* **Try it**
When the line with "Khu sầm uất, thuận tiện an cư" comes up, set it down and every later line to the end of the data, exactly and without pictures.

[Source data Boundary: Start]

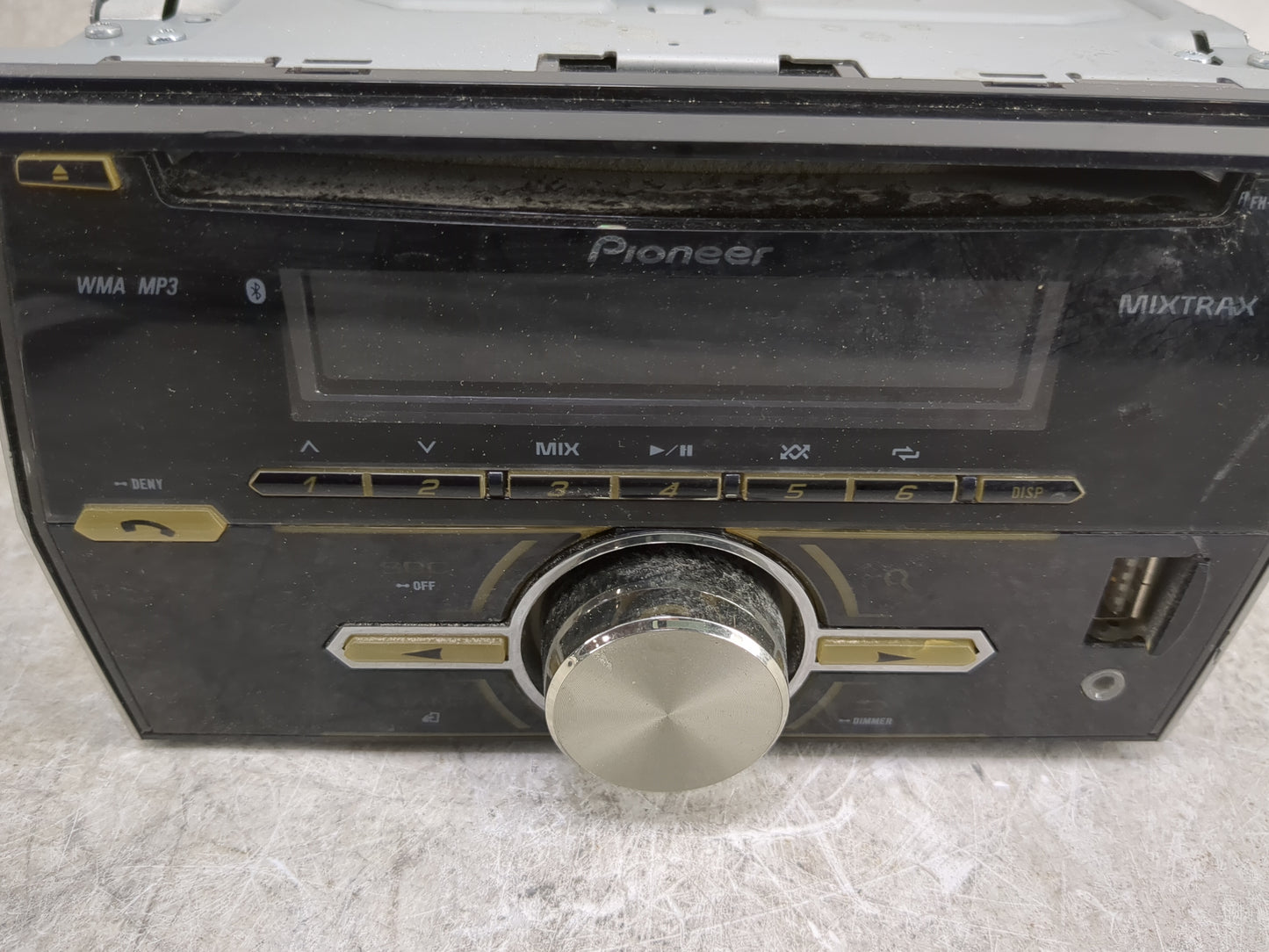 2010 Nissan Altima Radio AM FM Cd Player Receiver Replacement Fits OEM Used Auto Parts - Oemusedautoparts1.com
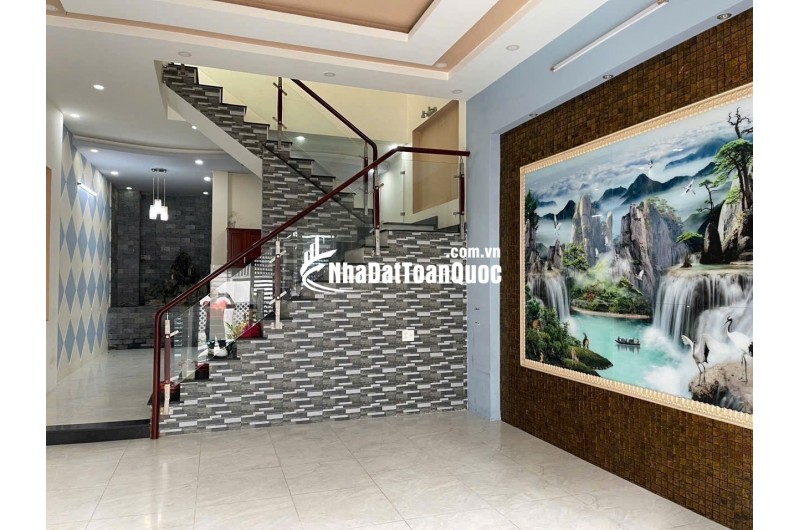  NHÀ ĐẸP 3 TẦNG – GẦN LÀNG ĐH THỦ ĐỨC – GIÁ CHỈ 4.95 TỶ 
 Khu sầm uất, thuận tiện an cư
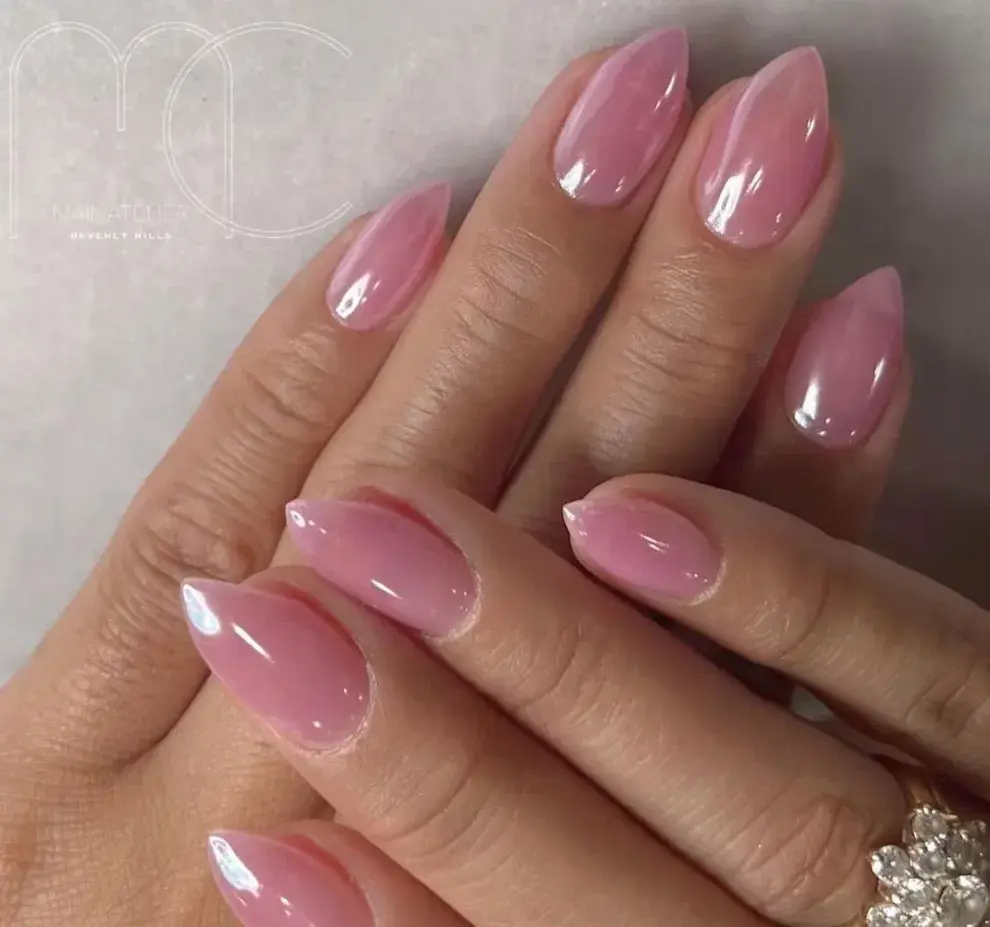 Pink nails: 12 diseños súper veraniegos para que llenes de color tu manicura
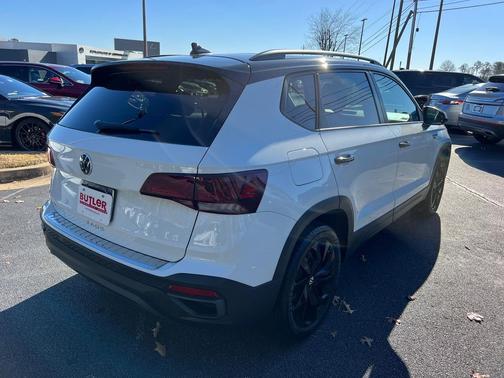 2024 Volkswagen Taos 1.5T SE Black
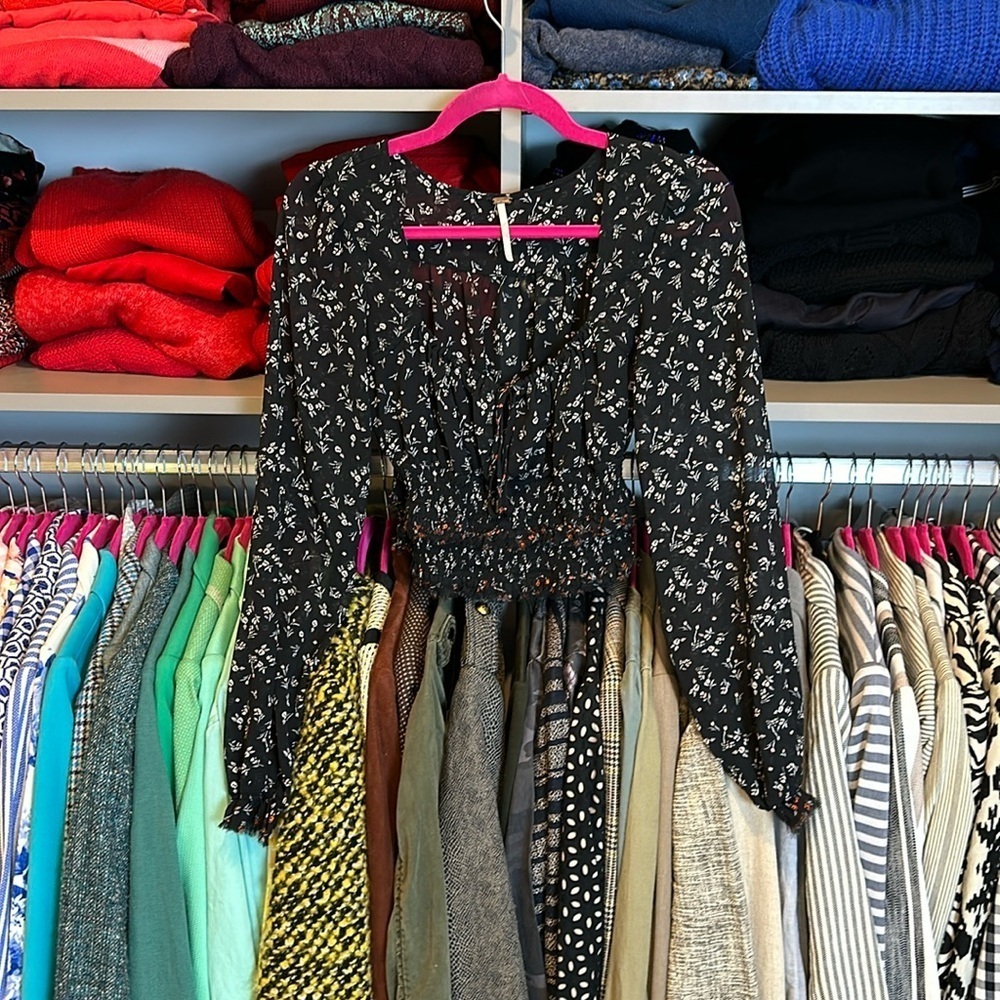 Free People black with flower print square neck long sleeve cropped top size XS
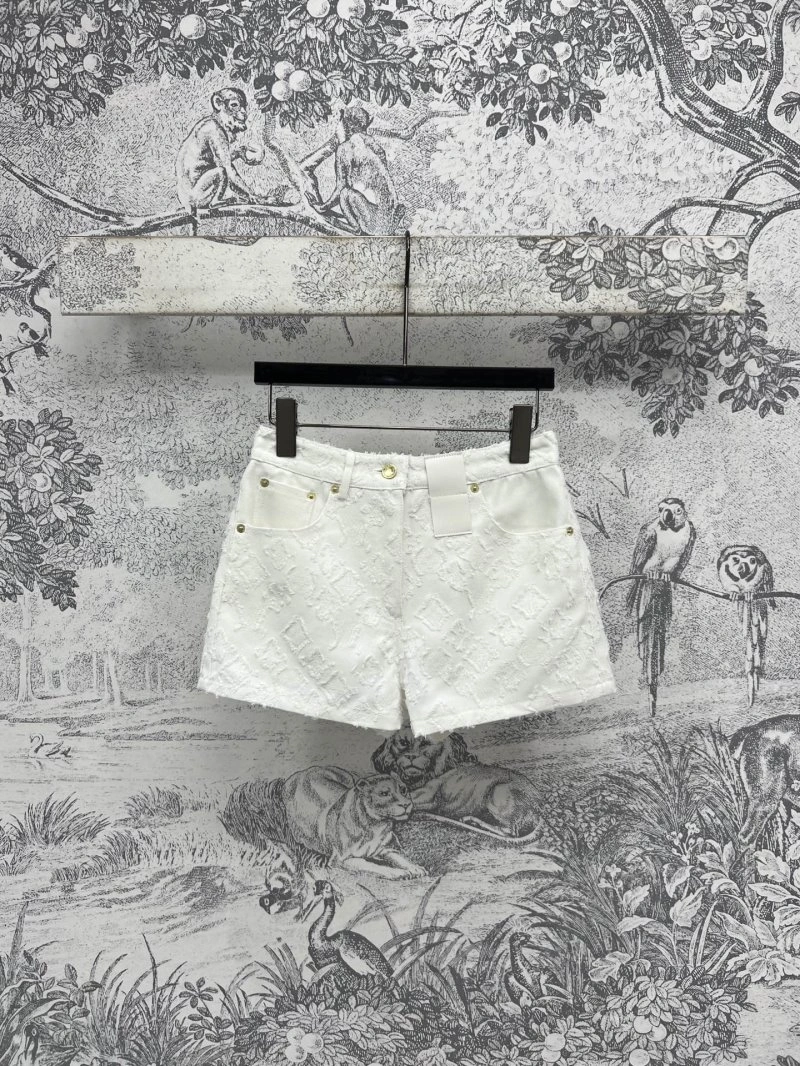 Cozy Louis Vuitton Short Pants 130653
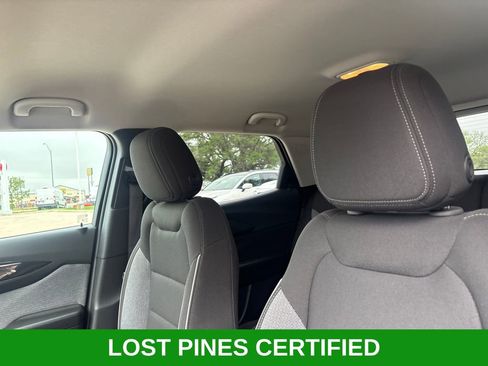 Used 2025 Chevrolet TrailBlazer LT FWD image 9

[Source data Boundary: End]

* **Written reply**
 Khu sầm uất, thuận tiện an cư
 Pink nails: 12 diseños súper veraniegos para que llenes de color tu manicura
 2024 Volkswagen Taos 1.5T SE Black
 Free People black with flower print square neck long sleeve cropped top size XS
 Cozy Louis Vuitton Short Pants 130653
 Used 2025 Chevrolet TrailBlazer LT FWD image 9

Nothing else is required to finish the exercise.